The annual rhythm of the Christmas celebrations often runs the risk of making this time pass as a routine, to the point of deferring the dimension of mystery or even cancelling it. In order not to give in to this temptation and in order to savor Christmas better, I thought it opportune to share with everyone my present reflection on the meaning of Christmas as a gift to the Poor, the nodal point of the Christology of the Human Word in the Cusmanian perspective.

To begin with, it is important to underline that Cusmano, in his numerous letters, deploys an absolute Christocentrism, which places God at the center as the very reason for life. God being the whole of life, any claim to a life without Him can only be self-destructive for the human being. Cusmano wrote in this regard, in a letter: “My God, You are everything for me. I want nothing, but You alone and to possess You alone I renounce everything, I give to You my soul, my body, my powers and my senses. I desire You in every moment of my life and in order to possess You for just one moment I am happy to lose everything”[1].

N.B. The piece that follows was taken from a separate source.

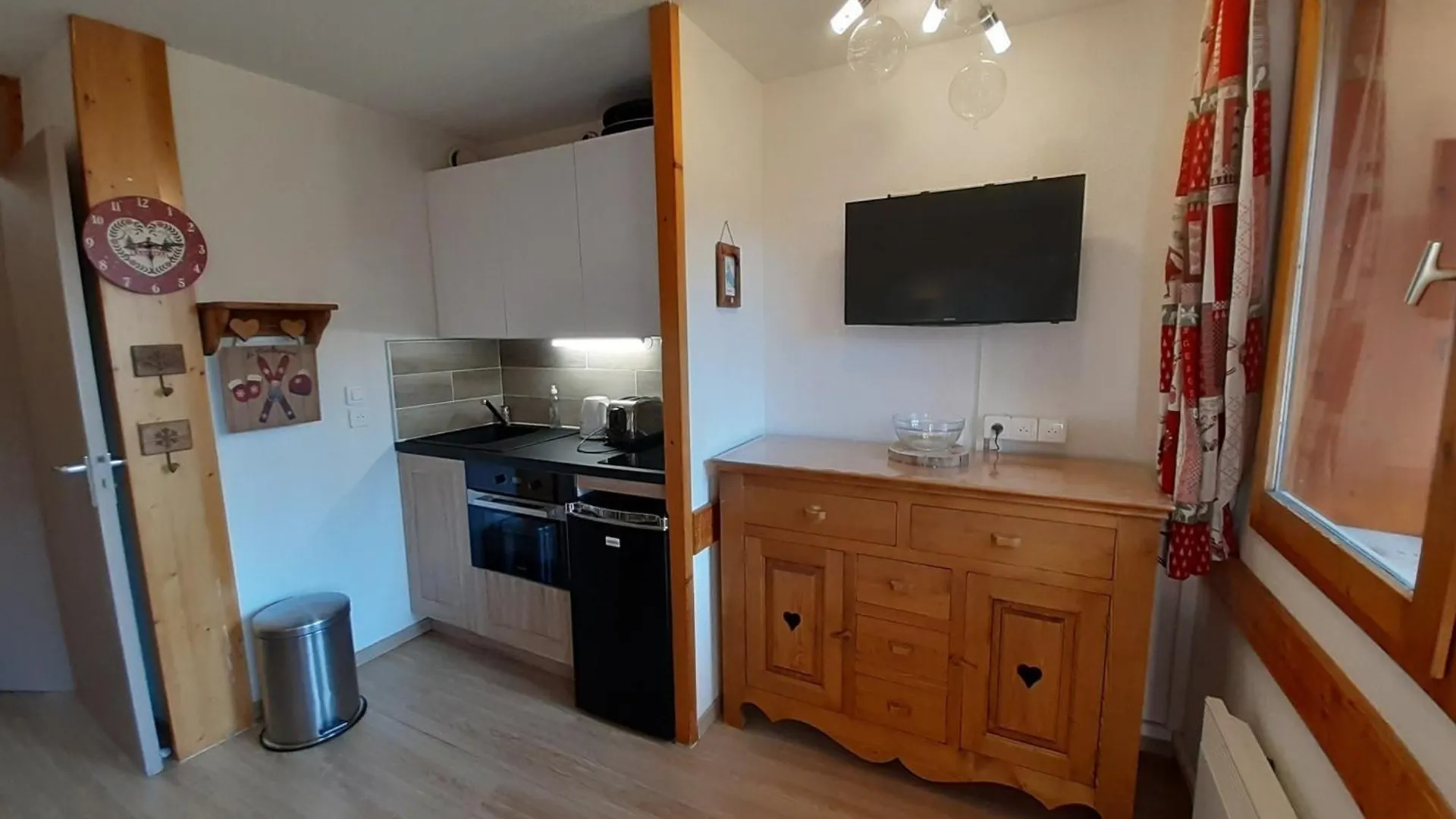 Appartement 5 Personnes A 50M Des Pistes Avec Balcon, Parking Et Option Wi-Fi - Fr-1-514-24 Courchevel France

This primacy of God in Cusmano has as its foundation the mystery of the Incarnation, that is, Falzone explains, the understanding of Christ as the Word of God “who becomes incarnate, suffers and dies for sinners, but who remains with us in the sacrament of the Eucharist and makes himself present in a very special way in the ‘sacrament’ of the poor”[2]. Behold the mystery that constitutes the pivot of both the theological and spiritual thought of Cusmano and of his charitable activity. However, to designate this mystery, Cusmano uses the formula “Human Word” instead of the classic expression “Incarnate Word”. In fact, according to him, “Jesus Christ is the Human Word […]. He took on a body and a soul like we have, and thus became man without leaving God. He, being God consubstantial with the Father, lowered Himself to our misery and made it His own; and making it His own, He took upon Himself all the pains that were due to us, and suffered everything for us, in order to relieve us of the least suffering and enrich us with all the treasures of His grace”[3].

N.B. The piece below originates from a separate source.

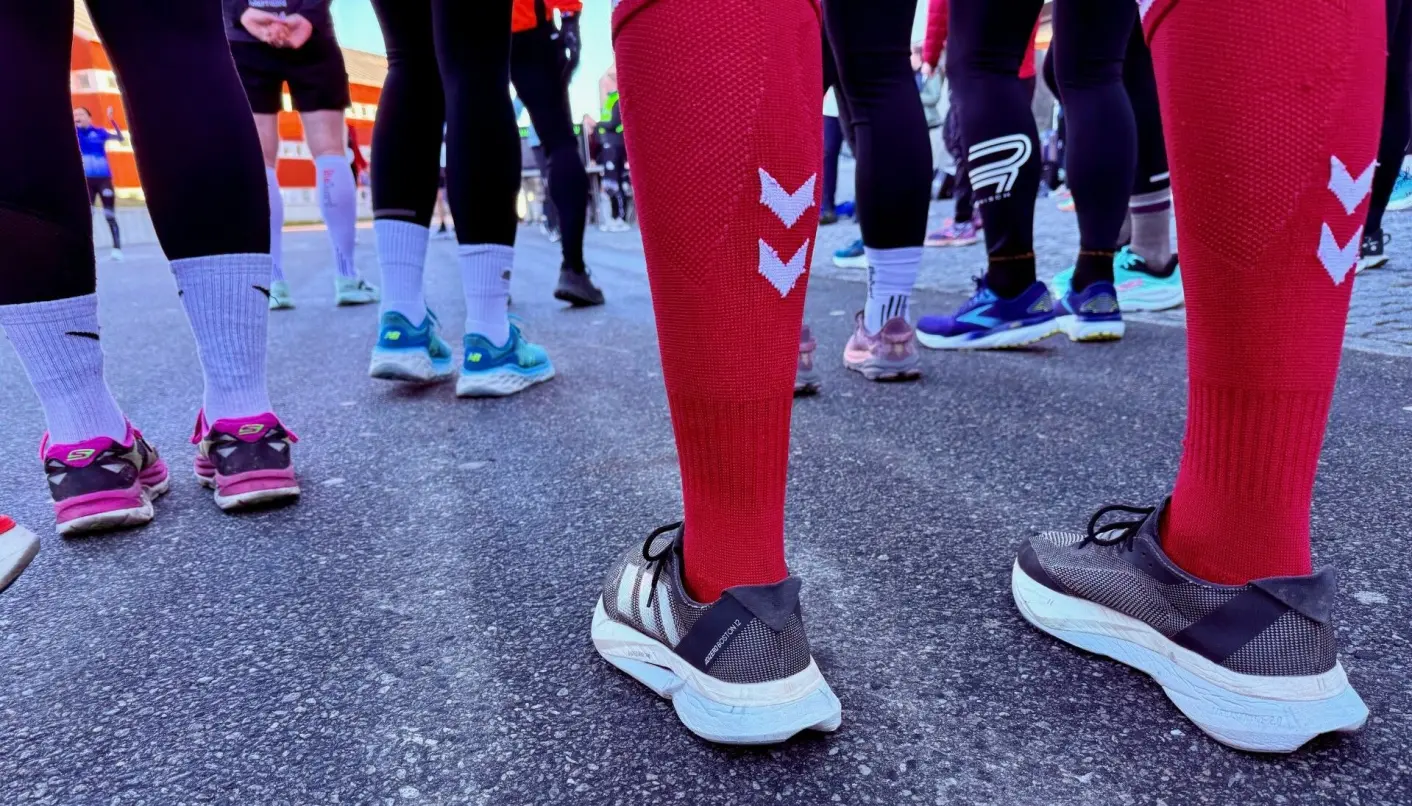 Running shoes in all colors - and Charlotte's red knee socks - eagerly await the start in front of Katuaq.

What then can be the theological significance of this formula “Human Word” with which Cusmano designates the mystery of the Incarnation? I would like to recall that the term “Incarnatio” was used by St. Ignatius of Antioch and developed by St. Irenaeus of Lyon in their respective reflections on the key passage in the Prologue of Saint John: “And the Word became flesh” (Jn 1:14). In one of his Catechesis, Pope Emeritus Benedict XVI points out that the word “flesh” in this text indicates, in its Jewish meaning, “man in his entirety, the whole man, but precisely under the aspect of his transience and temporality, of his poverty and contingency”[4]. This leads us to affirm that Saint John wished to indicate that the salvation offered by God in this mystery concerns the concrete and total human being, both in his joys and in his miseries. This initiative of God had only one purpose: the divine sonship of man. Benedict XVI himself explains: “God took on the human condition in order to heal it of all that separates it from Him, to allow us to call Him, in His Only Begotten Son, by the name of ‘Abba, Father,’ and to be truly children of God. Saint Irenaeus affirms: ‘This is why the Word became man, and the Son of God, the Son of man: so that man, by entering into communion with the Word and thus receiving divine sonship, might become a son of God’”[5]. It follows that the Word became flesh, gratuitously and according to a logic of surplus, taking on the temporal and contingent condition of man, with the sole purpose of saving human nature by reconciling it with God.

A double movement is outlined in this process. First of all, in the downward perspective, there is the movement of God towards man, which is followed, in the upward perspective, by the movement of man towards God. It is at the end of this double movement of lowering and elevation that the human being is saved in the measure in which, by assuming humanity, the Word divinizes it, thus enabling it to the filial relationship and communion with God.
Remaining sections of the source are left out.